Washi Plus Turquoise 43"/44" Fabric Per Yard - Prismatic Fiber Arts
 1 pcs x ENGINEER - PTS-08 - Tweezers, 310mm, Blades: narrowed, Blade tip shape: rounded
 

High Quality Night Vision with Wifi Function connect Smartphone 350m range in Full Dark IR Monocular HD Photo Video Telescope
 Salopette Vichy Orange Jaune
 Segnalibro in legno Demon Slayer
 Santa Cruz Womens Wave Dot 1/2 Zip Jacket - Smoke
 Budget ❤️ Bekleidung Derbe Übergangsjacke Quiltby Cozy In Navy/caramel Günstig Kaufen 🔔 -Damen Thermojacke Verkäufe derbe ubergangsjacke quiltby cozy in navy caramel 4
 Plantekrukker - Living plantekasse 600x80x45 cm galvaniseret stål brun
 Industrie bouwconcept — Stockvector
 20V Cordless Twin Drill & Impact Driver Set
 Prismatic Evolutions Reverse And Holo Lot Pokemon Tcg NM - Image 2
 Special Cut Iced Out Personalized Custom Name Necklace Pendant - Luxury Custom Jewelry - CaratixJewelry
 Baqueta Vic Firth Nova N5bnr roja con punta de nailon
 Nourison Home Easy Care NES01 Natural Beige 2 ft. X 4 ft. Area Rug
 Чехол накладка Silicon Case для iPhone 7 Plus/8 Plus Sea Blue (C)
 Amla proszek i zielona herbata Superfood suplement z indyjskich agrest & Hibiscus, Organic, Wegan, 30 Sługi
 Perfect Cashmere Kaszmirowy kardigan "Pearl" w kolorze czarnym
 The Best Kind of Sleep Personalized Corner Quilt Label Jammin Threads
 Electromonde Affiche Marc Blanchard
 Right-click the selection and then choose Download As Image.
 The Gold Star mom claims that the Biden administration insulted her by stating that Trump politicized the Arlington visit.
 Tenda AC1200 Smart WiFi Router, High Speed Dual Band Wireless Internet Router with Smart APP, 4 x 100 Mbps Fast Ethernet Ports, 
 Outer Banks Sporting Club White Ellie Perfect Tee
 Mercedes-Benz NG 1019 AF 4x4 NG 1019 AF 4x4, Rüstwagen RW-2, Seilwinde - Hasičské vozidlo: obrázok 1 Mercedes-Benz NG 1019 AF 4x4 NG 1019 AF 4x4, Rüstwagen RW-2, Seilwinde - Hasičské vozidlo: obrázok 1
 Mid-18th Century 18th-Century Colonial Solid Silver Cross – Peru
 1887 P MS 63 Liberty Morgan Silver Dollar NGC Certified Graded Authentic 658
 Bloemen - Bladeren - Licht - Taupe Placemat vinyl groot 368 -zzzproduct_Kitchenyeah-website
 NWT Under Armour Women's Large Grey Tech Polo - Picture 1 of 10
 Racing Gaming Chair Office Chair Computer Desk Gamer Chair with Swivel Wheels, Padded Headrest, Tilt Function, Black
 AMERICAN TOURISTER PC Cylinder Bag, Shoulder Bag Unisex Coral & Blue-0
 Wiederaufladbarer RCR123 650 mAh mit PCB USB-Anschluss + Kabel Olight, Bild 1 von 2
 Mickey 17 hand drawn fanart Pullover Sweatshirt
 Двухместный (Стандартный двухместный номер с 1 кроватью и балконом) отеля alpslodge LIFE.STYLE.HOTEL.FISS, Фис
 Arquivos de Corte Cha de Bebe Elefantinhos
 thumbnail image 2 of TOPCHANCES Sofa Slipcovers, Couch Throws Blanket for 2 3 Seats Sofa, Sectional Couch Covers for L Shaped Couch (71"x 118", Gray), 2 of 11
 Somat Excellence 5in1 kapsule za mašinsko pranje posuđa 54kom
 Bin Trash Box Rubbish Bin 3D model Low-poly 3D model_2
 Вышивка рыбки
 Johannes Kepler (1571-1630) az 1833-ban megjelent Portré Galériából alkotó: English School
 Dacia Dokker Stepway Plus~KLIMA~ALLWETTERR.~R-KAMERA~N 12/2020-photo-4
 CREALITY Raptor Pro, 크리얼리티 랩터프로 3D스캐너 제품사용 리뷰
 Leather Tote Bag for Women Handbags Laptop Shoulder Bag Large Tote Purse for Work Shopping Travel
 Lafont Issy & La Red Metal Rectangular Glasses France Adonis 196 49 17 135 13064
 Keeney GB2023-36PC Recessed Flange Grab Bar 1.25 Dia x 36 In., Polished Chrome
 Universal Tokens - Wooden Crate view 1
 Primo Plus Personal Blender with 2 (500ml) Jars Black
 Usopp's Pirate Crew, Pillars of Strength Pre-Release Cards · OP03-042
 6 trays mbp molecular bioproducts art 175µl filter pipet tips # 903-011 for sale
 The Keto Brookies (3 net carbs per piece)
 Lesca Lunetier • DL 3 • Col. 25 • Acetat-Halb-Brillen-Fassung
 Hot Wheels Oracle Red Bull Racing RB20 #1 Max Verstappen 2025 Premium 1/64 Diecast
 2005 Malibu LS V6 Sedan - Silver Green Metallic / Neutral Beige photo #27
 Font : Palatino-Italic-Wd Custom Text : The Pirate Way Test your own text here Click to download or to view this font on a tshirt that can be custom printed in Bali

What you have to do: Which lines run from the first of the listing to the line containing "NWT Under Armour"? Reproduce those exactly, both ends included.

Result of this task:
Washi Plus Turquoise 43"/44" Fabric Per Yard - Prismatic Fiber Arts
 1 pcs x ENGINEER - PTS-08 - Tweezers, 310mm, Blades: narrowed, Blade tip shape: rounded
 

High Quality Night Vision with Wifi Function connect Smartphone 350m range in Full Dark IR Monocular HD Photo Video Telescope
 Salopette Vichy Orange Jaune
 Segnalibro in legno Demon Slayer
 Santa Cruz Womens Wave Dot 1/2 Zip Jacket - Smoke
 Budget ❤️ Bekleidung Derbe Übergangsjacke Quiltby Cozy In Navy/caramel Günstig Kaufen 🔔 -Damen Thermojacke Verkäufe derbe ubergangsjacke quiltby cozy in navy caramel 4
 Plantekrukker - Living plantekasse 600x80x45 cm galvaniseret stål brun
 Industrie bouwconcept — Stockvector
 20V Cordless Twin Drill & Impact Driver Set
 Prismatic Evolutions Reverse And Holo Lot Pokemon Tcg NM - Image 2
 Special Cut Iced Out Personalized Custom Name Necklace Pendant - Luxury Custom Jewelry - CaratixJewelry
 Baqueta Vic Firth Nova N5bnr roja con punta de nailon
 Nourison Home Easy Care NES01 Natural Beige 2 ft. X 4 ft. Area Rug
 Чехол накладка Silicon Case для iPhone 7 Plus/8 Plus Sea Blue (C)
 Amla proszek i zielona herbata Superfood suplement z indyjskich agrest & Hibiscus, Organic, Wegan, 30 Sługi
 Perfect Cashmere Kaszmirowy kardigan "Pearl" w kolorze czarnym
 The Best Kind of Sleep Personalized Corner Quilt Label Jammin Threads
 Electromonde Affiche Marc Blanchard
 Right-click the selection and then choose Download As Image.
 The Gold Star mom claims that the Biden administration insulted her by stating that Trump politicized the Arlington visit.
 Tenda AC1200 Smart WiFi Router, High Speed Dual Band Wireless Internet Router with Smart APP, 4 x 100 Mbps Fast Ethernet Ports, 
 Outer Banks Sporting Club White Ellie Perfect Tee
 Mercedes-Benz NG 1019 AF 4x4 NG 1019 AF 4x4, Rüstwagen RW-2, Seilwinde - Hasičské vozidlo: obrázok 1 Mercedes-Benz NG 1019 AF 4x4 NG 1019 AF 4x4, Rüstwagen RW-2, Seilwinde - Hasičské vozidlo: obrázok 1
 Mid-18th Century 18th-Century Colonial Solid Silver Cross – Peru
 1887 P MS 63 Liberty Morgan Silver Dollar NGC Certified Graded Authentic 658
 Bloemen - Bladeren - Licht - Taupe Placemat vinyl groot 368 -zzzproduct_Kitchenyeah-website
 NWT Under Armour Women's Large Grey Tech Polo - Picture 1 of 10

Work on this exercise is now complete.